I’ve been in my post at York now for almost 4 months. We are readying for the start of the summer term (when I’ll be teaching on the first-year Excavation module at the sites of Harewood House and Boltby Scar), and it coincides with me becoming quite reflective recently about my experiences as a new lecturer. This reflectiveness has been prompted by many things, including a review of my teaching evaluations from the spring term (all positive, thankfully!), preparation for a talk at the Institute for Archaeologists’ (IfA) conference on Friday (of which more below), and most especially, constant interrogation by academics at various stages of their careers on how I got my job.
Such interrogation is, I believe, generally driven by well-meaning curiosity and good-humoured teasing, but its impact on me mirrors what I’ve always found most difficult to negotiate about academia. This is the critical self-consciousness and exposure that one encounters on a daily basis when doing anything from teaching, to chairing meetings, to merely walking down the corridor to get a coffee. It is a feeling of being perpetually on display—and hence perpetually on the cusp of laying bare your weaknesses and (intellectual) deficiencies. I had a conversation last week about this sensation (what, I suppose, is effectively the impostor syndrome) with someone I consider to be one of my great mentors. We discussed the hyper-self-awareness and consequent exhaustion that can come hand-in-hand with being, literally, a form of exhibition. Given that I study issues of presentation, I’m already conscious of the power of display. It’s interesting now to consider myself as one of those displays, having a kind of visibility (which is admittedly pretty inconsequential in the hierarchy of academia!) that can have ramifications on myself and others.
Motivated by these reflections, I dug through my digital archive on the weekend to track down a critical review that I was required to produce of my first ever teaching experience as an MA student in Anthropology back in Canada. At the time (almost a decade ago), I lectured to 400 students (400!) in UVic’s Anth 100 (Intro to Anthropology) course, and I subsequently collected and analysed nearly 200 feedback forms. I had to produce a 5000-word assessment of that experience, and amidst all those words, I found I had written the following:
“This experience was both conflicting and emotional, exhausting and philosophically taxing. Indeed, the most acute observation that was returned to me via the evaluation process was one student’s simple statement (which was later reiterated by the Anth 100 instructor): “ask yourself if you could really bring that much energy to every lecture.” Reflecting on this, I am not certain if I could. As I stood at the front of the lecture hall, I suddenly began to fathom the feeling of exposure, of vulnerability and impotence which is, perhaps, reminiscent of the experience of the anthropological subject. As cultural critics have observed (e.g. Clifford & Marcus, 1986), to be this subject, to be the Other, to be the one open to the scrutiny and criticism of an audience, is dehumanising. The irony, of course, is that while I was trying to sculpt a humanising pedagogy (after Freire, 1982), I simultaneously felt stripped of my humanity.”
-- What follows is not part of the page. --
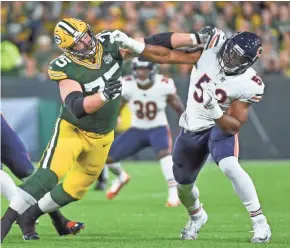  ?? BENNY SIEU / USA TODAY SPORTS ?? Packers tackle Bryan Bulaga faced a tough opponent in Bears linebacker Khalil Mack in the opener.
I like to think that I still bring great energy to my presentations, but it is always pushing up against that sense of being rendered naked and alien in the process. I am particularly conscious of such a sensibility this week, as I am scheduled to talk in a session on Graphic Archaeology at the forthcoming IfA conference in Oxford on Friday. The last time that I spoke to a comparable audience (a majority of non-academic practitioners in 2009), I had a traumatic—and hopefully one-off—experience. It entailed an audience member interrupting me in the middle of my talk (which centred on experimenting with modes of archaeological presentation and discussing the affordances of old media) to tell me that they couldn’t understand anything I was saying. The implication was that I was being purposefully arcane and impenetrable; however the reality was that I was just being me: that’s how I speak. The problem, of course, was that in exhibiting myself at that event, I learned that being me wasn’t satisfactory in certain circumstances.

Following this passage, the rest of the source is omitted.